After many prophets came looking for the fruit of sinners, which is their sins, and they rejected every one, the Father sends His only beloved Son. But the farmers don't want to give Him their sins either, and so killed Him. But that doesn't stop the Owner of the vineyard, does it? In fact, His Son's death enables Him to freely give the vineyard to others. But see how the people, people like you, react to their leaders being justly judged and they graciously being given the vineyard: "May this never be!" Then Jesus quotes Psalm 118, the Psalm sung at Passover: The Rock rejected by the OT leaders becomes the Capstone. And then He applies that figure. Those who fall on this Stone as their leaders do will be broken into pieces. But he on who it should fall will be crushed. You hear that and you think there's only one outcome of the Rock, of the Son of Man, being killed. It's "broken to pieces" or "crushed".

Wrong.

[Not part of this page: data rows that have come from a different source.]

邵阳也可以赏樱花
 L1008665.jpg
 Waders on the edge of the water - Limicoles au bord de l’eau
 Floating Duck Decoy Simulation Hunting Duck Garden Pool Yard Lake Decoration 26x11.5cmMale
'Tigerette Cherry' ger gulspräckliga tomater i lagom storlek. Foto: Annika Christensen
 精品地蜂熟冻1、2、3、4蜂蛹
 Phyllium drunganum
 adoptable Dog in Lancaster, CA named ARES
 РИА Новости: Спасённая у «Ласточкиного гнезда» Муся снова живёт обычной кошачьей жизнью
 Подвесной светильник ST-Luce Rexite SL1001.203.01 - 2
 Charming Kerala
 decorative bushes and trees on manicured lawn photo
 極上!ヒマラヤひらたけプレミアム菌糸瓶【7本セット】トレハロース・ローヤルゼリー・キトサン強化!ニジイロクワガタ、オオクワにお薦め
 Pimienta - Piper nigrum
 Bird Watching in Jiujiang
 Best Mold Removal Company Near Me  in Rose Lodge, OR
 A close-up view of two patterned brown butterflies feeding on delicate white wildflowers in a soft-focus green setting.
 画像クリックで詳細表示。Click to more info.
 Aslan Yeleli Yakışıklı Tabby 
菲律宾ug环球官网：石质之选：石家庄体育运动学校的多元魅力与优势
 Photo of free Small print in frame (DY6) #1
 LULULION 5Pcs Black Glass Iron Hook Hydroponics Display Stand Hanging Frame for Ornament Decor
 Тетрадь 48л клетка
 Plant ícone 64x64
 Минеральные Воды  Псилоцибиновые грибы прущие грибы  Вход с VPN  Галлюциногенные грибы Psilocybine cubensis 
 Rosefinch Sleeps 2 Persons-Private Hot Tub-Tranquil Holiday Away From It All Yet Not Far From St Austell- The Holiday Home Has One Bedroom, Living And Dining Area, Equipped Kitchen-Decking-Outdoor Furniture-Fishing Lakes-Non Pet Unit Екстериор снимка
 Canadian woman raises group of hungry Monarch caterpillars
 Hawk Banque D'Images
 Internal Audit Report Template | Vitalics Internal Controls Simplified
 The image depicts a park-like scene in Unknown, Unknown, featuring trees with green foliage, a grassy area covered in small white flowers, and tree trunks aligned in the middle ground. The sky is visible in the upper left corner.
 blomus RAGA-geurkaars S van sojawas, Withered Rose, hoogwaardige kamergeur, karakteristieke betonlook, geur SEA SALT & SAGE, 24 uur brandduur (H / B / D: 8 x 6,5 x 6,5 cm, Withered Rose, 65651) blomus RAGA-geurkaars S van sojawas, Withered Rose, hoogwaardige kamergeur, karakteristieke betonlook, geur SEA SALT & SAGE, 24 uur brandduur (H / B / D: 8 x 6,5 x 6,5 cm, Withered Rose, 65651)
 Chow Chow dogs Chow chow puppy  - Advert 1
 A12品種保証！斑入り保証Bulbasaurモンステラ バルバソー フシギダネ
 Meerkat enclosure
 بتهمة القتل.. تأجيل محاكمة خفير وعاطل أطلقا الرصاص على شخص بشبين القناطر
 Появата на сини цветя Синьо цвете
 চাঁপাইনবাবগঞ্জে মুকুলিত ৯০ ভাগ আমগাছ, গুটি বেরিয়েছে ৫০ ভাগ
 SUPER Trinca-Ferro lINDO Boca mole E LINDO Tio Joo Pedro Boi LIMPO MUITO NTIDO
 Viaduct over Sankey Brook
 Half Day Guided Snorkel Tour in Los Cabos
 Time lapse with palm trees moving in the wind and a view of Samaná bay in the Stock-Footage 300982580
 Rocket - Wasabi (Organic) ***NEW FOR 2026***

The King James has it right translating: "On whomsoever it shall fall, it will grind him to powder." Here the parable may pop into focus. This Greek word means "to winnow, cleanse away the chaff from the grain by winnowing." Jesus came to do what you can't do. Separate you from your sins and sinfulness. He calls for you give up your sins to Him, where they are nailed, whipped, and punished for good and forever. He calls you to be ground under the weight of the Son's holy life and bitter death, so that He can gather you into His barn of salvation. One more thing for this parable to pop. When the people react saying this gracious thing can never be, Jesus doesn't "look directly at them." Nope, it's the same word for Jesus turning and looking at the denying Peter. This is the loving, winning, forgiving look that melts hearts.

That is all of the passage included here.